**DESCRIPTION OF THE TASK:**
With all pictures excluded, restate the records that follow exactly as written.

DATA TO PROCESS Block Start

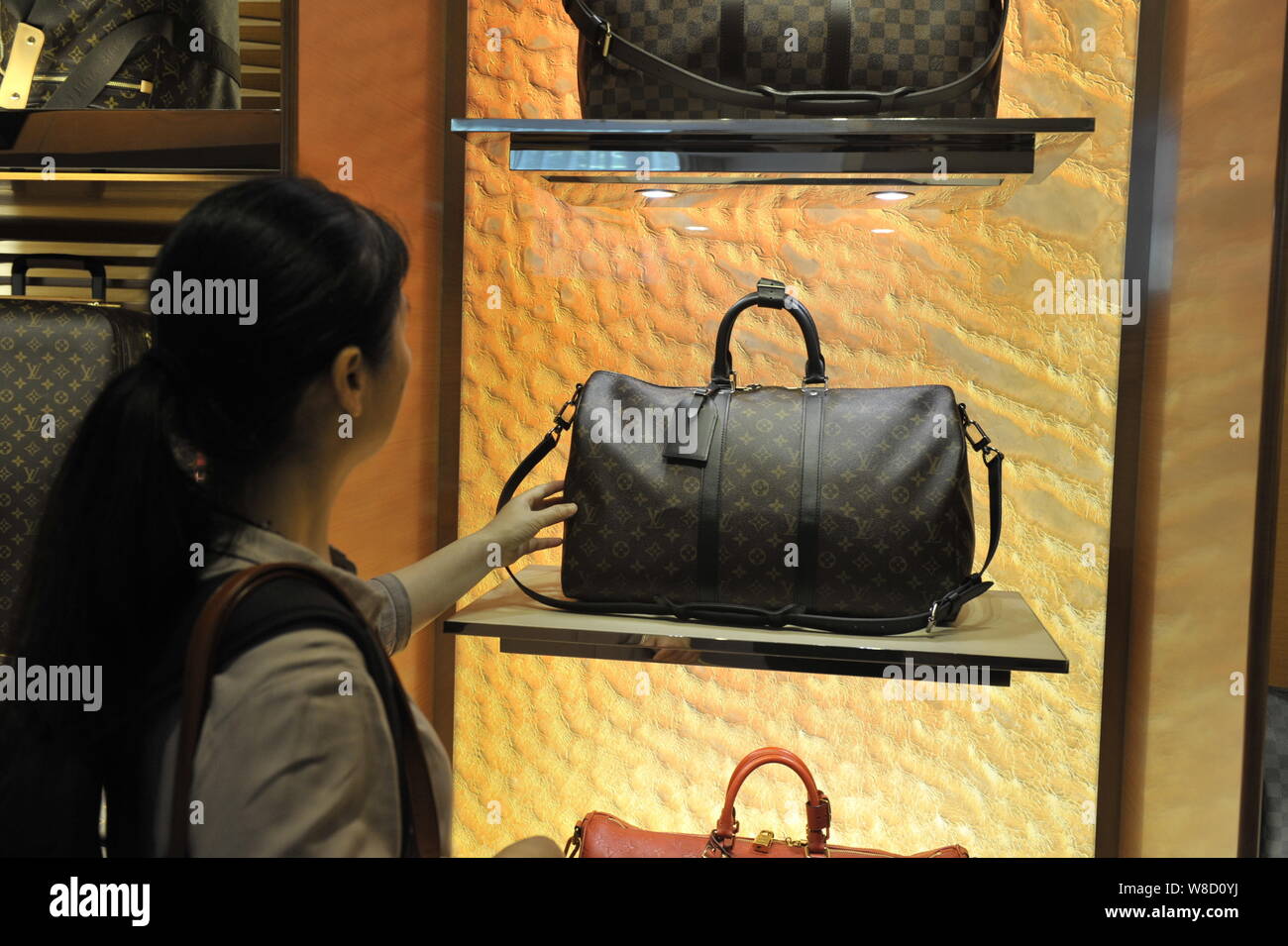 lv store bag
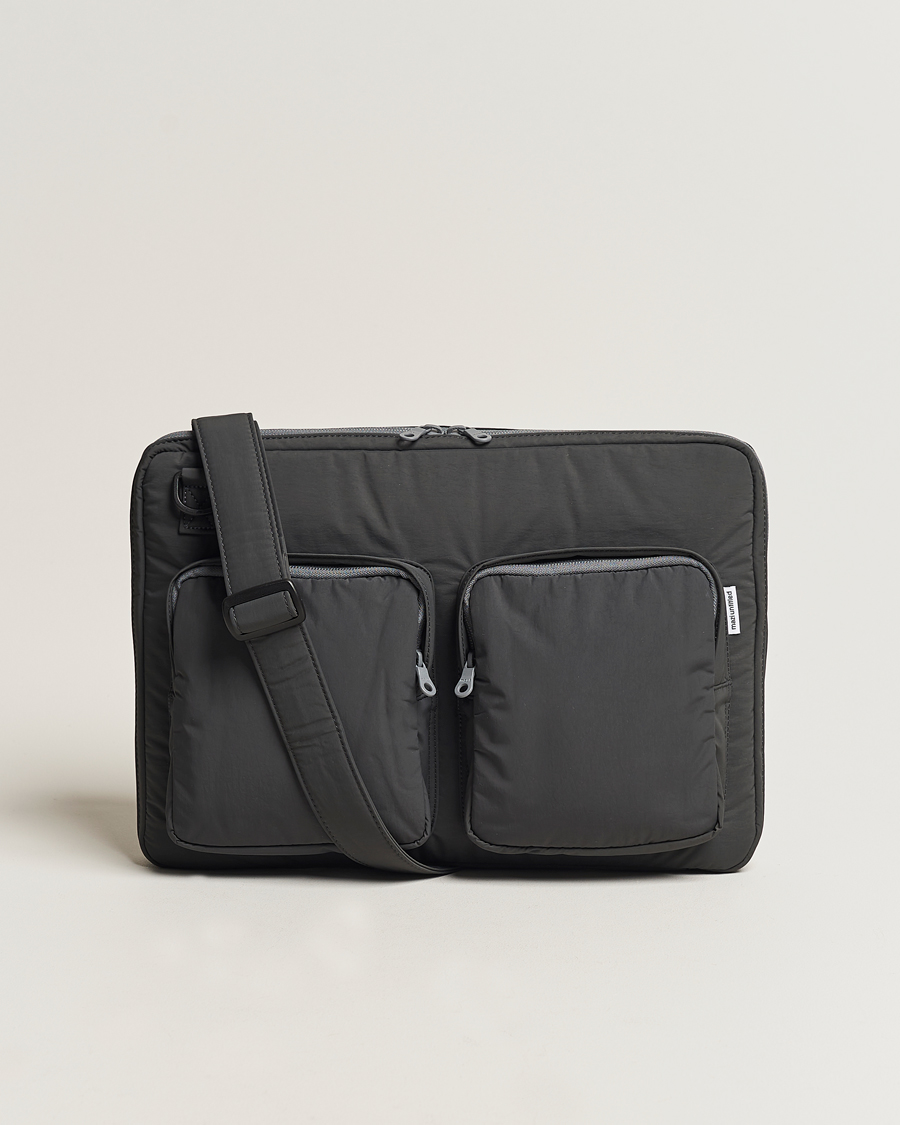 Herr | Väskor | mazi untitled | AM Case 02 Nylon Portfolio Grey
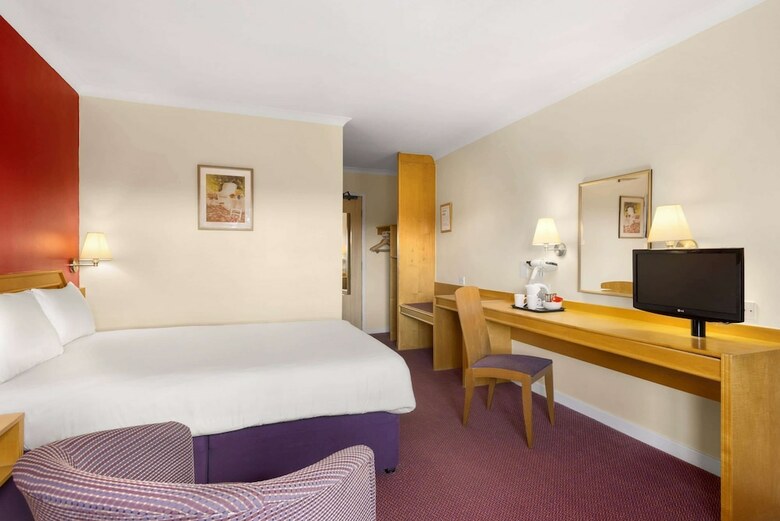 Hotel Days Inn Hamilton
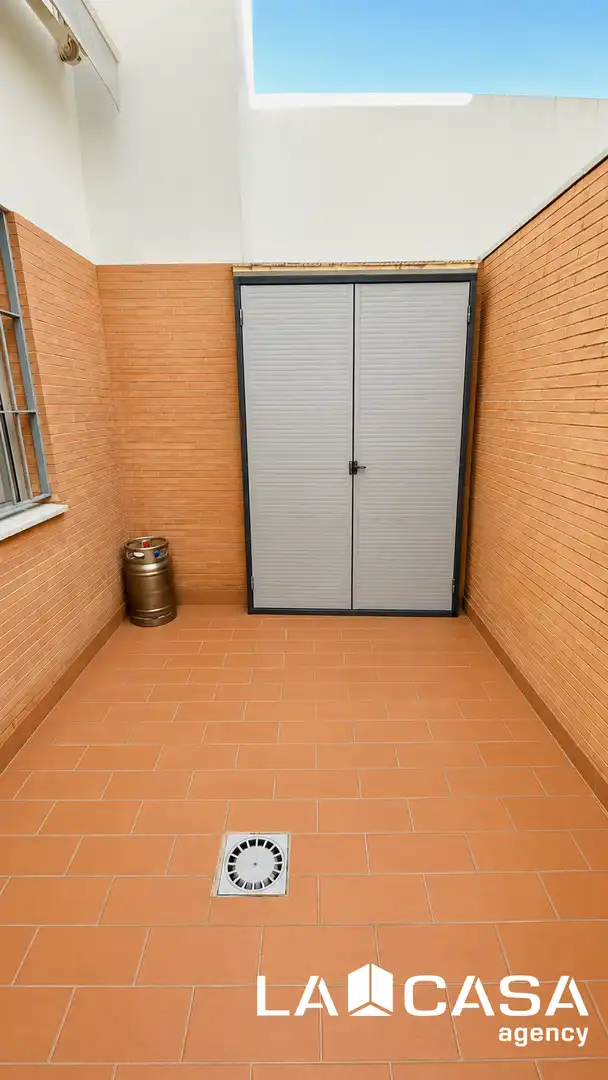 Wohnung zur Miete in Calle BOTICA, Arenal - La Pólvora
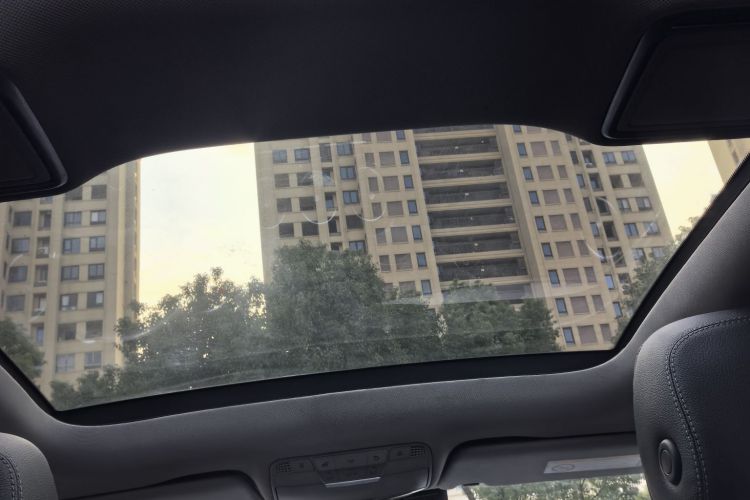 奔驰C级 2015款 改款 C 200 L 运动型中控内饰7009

DATA TO PROCESS Block End

**SOLUTION BELOW:**
 lv store bag
 Herr | Väskor | mazi untitled | AM Case 02 Nylon Portfolio Grey
 Hotel Days Inn Hamilton
 Wohnung zur Miete in Calle BOTICA, Arenal - La Pólvora
 奔驰C级 2015款 改款 C 200 L 运动型中控内饰7009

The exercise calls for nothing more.